最新ビルボードジャパンソングスチャートにみる、AKB48「センチメンタルトレイン」のチャートアクションの乏しさ

昨日発表された、最新10月8日付ビルボードジャパンソングスチャート

DA PUMP「U.S.A.」(2位)が前週比93.5%、米津玄師「Lemon」(4位)に至っては同139.3%の総合ポイント推移となっており底力をみせています。そんな中、首位に立ったのはハロプロ・オールスターズ「YEAH YEAH YEAH」。

モーニング娘。’18、アンジュルム、Juice=Juice、カントリー・ガールズ、こぶしファクトリおよびつばきファクトリーの6組が参加するまさに”オールスター”盤で、シングルCDの初回生産限定盤にはDVDが同梱、さらにイベント抽選応募券が封入。通常盤には各歌手毎に[トレーディングカードソロ数種(歌手の人数による)&集合1種]よりランダムにて1枚封入されているという仕組み。ゆえに、お目当てのメンバーのカードを手に入れる確率は非常に低く、またイベントへ参加するには別途初回生産限定盤を買わなければいけないシステムになっているのです。それゆえでしょう。

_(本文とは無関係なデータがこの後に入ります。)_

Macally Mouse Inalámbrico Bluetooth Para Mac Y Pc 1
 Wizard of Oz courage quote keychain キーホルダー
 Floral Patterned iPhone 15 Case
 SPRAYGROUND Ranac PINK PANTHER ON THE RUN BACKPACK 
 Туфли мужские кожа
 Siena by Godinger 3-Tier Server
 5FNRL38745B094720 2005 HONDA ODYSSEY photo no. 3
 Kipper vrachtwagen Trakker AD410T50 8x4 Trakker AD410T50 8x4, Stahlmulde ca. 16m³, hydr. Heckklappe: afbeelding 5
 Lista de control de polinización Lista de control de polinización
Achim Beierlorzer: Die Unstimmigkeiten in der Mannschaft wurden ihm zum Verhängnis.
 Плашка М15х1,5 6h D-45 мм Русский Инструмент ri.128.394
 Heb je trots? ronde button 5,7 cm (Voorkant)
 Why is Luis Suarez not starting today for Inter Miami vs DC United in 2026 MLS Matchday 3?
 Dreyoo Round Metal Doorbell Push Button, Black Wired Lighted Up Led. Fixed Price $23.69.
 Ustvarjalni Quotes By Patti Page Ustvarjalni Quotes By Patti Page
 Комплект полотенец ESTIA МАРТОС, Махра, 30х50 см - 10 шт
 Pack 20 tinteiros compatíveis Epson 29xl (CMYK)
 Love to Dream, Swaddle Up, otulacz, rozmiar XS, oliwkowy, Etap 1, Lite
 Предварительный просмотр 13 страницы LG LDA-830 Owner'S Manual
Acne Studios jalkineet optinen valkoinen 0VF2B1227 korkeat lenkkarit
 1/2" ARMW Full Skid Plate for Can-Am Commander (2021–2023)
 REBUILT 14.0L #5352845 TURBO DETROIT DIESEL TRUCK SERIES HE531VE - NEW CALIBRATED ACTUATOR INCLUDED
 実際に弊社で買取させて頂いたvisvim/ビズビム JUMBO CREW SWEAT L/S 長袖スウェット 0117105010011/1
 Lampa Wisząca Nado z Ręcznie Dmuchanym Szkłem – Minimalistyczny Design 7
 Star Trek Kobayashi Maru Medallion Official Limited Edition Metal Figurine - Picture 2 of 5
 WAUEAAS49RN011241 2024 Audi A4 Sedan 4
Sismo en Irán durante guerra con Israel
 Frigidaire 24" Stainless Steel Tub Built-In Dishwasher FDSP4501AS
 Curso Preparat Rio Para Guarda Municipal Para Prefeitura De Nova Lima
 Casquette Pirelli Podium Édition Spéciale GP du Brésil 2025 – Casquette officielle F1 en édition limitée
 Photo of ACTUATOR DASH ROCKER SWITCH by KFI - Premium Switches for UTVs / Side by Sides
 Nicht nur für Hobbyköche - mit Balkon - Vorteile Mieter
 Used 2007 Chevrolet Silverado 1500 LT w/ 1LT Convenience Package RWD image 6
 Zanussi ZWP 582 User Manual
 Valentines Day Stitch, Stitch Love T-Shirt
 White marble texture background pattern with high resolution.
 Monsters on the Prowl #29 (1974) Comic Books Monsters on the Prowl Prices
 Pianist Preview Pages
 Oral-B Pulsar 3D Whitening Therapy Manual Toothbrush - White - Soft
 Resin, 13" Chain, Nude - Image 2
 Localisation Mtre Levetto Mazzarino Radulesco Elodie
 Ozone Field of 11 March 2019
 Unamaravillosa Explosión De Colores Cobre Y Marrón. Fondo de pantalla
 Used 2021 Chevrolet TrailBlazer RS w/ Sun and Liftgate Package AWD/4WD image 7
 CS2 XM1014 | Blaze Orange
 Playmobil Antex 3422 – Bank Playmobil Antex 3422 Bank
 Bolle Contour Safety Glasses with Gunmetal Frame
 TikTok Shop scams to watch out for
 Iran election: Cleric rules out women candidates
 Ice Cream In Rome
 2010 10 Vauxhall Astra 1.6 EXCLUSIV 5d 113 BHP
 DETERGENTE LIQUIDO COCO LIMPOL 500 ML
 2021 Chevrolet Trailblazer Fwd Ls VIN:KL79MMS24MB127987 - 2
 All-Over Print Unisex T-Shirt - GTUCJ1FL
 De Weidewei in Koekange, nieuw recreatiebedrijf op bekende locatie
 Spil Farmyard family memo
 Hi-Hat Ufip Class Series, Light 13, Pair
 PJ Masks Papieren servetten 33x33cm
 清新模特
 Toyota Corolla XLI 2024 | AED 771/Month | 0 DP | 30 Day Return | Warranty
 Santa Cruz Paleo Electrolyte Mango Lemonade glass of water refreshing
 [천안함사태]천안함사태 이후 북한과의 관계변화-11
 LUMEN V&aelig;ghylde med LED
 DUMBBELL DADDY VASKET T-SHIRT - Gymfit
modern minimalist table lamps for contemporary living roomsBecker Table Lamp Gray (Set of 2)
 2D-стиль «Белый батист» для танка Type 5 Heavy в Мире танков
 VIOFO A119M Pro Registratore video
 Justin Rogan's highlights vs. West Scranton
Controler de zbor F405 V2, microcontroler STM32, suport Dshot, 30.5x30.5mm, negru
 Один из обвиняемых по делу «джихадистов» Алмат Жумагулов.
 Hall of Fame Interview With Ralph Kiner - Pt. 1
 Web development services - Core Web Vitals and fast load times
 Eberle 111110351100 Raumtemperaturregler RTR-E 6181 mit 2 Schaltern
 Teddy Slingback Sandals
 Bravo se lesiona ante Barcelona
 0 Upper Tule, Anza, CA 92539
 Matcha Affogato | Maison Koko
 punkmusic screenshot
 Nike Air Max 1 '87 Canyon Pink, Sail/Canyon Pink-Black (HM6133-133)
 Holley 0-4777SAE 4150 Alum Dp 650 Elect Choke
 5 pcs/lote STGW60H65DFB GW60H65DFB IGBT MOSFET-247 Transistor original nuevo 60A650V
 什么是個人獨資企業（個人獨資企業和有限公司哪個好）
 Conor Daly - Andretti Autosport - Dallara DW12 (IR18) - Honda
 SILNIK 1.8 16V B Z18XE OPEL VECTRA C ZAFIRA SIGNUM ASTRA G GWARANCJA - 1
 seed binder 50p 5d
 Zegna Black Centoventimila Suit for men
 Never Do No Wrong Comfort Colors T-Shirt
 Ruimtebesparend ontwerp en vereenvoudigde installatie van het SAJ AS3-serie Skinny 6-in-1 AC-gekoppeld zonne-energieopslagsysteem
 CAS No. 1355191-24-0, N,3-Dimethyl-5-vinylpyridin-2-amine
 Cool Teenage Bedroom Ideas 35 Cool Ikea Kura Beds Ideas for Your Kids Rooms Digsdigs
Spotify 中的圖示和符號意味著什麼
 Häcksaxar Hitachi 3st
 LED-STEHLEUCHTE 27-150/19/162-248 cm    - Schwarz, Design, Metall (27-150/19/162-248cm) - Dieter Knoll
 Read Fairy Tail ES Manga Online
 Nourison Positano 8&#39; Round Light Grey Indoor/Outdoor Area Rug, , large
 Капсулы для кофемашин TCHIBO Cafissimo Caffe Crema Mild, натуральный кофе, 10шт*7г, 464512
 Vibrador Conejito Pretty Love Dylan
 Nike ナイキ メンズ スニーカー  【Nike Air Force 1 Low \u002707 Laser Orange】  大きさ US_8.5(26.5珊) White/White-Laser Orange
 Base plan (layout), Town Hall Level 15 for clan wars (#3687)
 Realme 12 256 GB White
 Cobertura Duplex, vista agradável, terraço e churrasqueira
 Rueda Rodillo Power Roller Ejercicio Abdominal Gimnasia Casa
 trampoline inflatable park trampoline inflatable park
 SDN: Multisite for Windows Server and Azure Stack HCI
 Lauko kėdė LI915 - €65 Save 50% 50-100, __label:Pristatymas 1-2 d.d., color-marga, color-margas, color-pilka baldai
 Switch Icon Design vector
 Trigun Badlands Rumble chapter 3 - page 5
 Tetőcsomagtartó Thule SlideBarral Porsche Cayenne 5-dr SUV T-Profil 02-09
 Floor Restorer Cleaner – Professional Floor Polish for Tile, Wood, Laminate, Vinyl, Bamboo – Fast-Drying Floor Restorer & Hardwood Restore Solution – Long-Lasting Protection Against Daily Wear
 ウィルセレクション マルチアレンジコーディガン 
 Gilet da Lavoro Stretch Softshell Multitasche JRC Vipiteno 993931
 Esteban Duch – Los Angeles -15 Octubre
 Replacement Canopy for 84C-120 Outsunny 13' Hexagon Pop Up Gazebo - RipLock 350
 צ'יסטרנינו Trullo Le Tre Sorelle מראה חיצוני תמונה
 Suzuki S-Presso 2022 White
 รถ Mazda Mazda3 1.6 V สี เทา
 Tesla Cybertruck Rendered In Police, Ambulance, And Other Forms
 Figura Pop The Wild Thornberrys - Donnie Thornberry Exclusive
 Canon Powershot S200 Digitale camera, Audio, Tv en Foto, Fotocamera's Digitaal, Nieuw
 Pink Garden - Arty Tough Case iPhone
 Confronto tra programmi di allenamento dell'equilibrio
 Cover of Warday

シングルCDセールス以外の指標によるポイントが500未満らしいと分析された方がいらっしゃるのですが、それも納得。ラジオエアプレイ95位、Twitter63位と低く、デジタルダウンロード、ストリーミング、YouTubeはランクインせず。シングルCDセールスでは2位の5倍以上も稼ぎながらルックアップで18位というのは、CDがグッズとして消化されている可能性が高く、ユニークユーザーが少ないかの証明といえるでしょう。ハロー!プロジェクトの実力は女性アイドルグループの中でも高いだけに、この売れ方ではその実力がほぼ伝わらず実に勿体無いと思うのです。他指標の低さをみるに、次週は急落する可能性が高いのもまた勿体無いと強く感じています。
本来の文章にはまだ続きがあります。